Jack Twyman died Wednesday at age 78.
Unless you're a hard-core basketball fan, you probably never have heard of Twyman, who graduated from Cincinnati in 1955 as the school's leading career scorer (1,598 points) and rebounder (1,242). He now is ninth in points and second in rebounds.
Twyman averaged 24.6 points and 16.5 rebounds as a senior, when he was named an All-American. Twyman played 11 seasons in the NBA with the Royals' franchise, first in Rochester, N.Y., then in Cincinnati. Twyman was a six-time All-Star and retired in 1966 with career averages of 19.2 points and 6.6 rebounds. He worked as an ABC broadcaster in the 1970s and was inducted into the basketball Hall of Fame in 1983.
But Twyman's true lasting legacy is the incredible compassion he showed for NBA teammate Maurice Stokes.
Stokes played just three seasons in the NBA, but they were glorious. He was a first-round pick, No. 2 overall, out of little St. Francis (Pa.) in 1955, and he was an All-Star in each of his three seasons with the Royals.

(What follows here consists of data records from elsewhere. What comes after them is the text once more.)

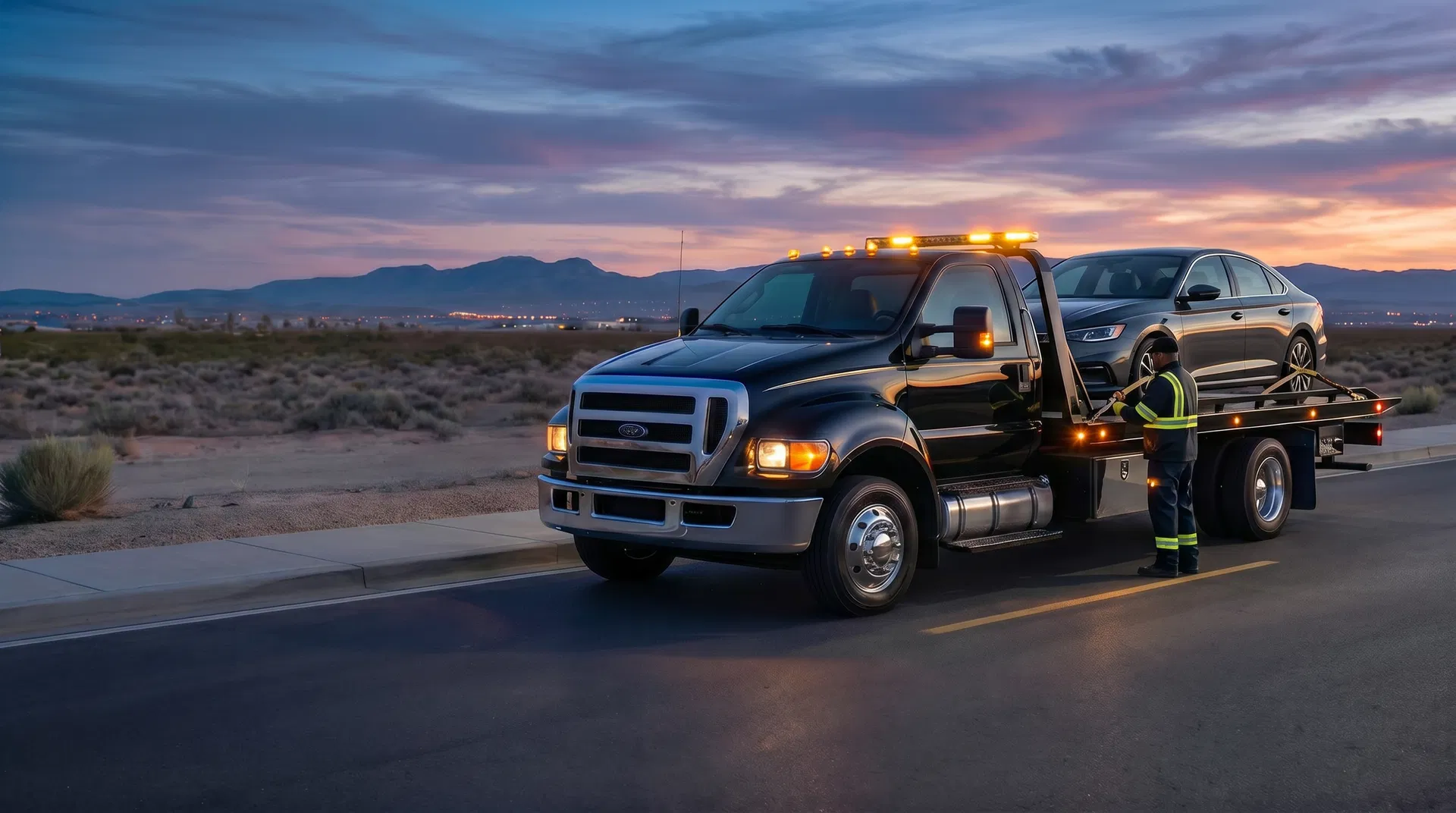 Marquez Towing roadside assistance scene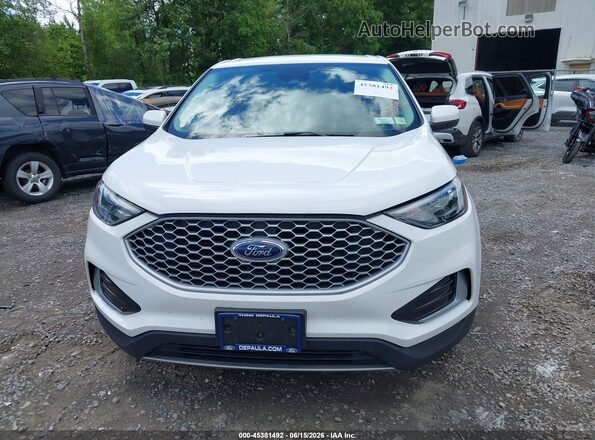 2FMPK4J9XPBA46940 2023 FORD EDGE White Vista del cuadro de instrumentos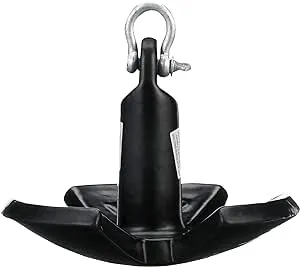 Seachoice 41510 Black Vinyl Coated River Anchor, 15 lbs.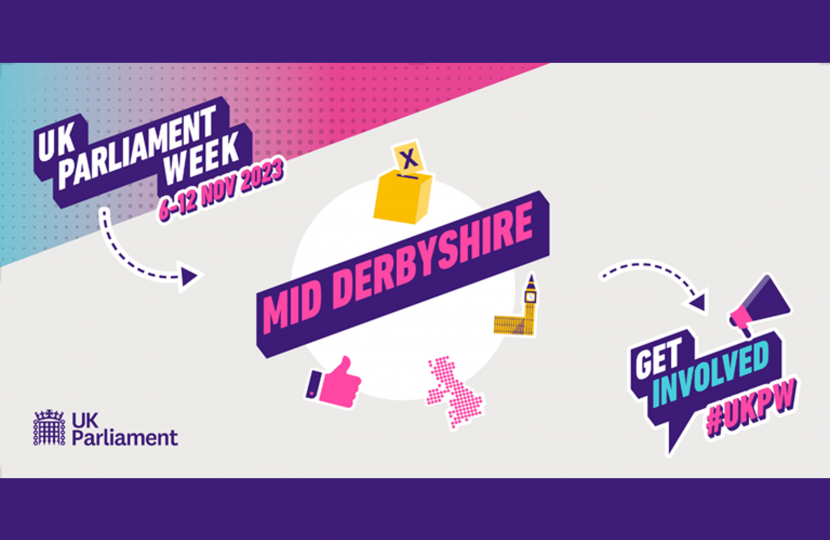 UK Parliament Week Mid Derbyshire graphic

Stokes was incredibly strong yet also athletic, and he was a rebounding machine. He averaged 16.7 rebounds per game over his three-year career, to go along with 15.8 points and 5.1 assists.
"Maurice Stokes was Magic Johnson before there was a Magic Johnson," Boston Celtics legend Red Auerbach once said. And former Celtics guard Bob Cousy once told reporters that Stokes was "the first great, athletic power forward. He was Karl Malone with more finesse."
Stokes' career was cut short because of a freak accident during a 1958 regular-season game. Three days after he hit his head on the floor and suffered a concussion, Stokes, then 24, collapsed and was left bedridden with a brain injury. Twyman became Stokes' legal guardian – after Stokes was injured, his contract eventually was voided and he had no insurance – and helped care for Stokes until he died in 1970.
Twyman lobbied heavily for Stokes' induction into the Hall of Fame, and his efforts paid off in 2004. Twyman accepted the honor on Stokes' behalf, saying, "Whatever I've done for Maurice, I've gained tenfold."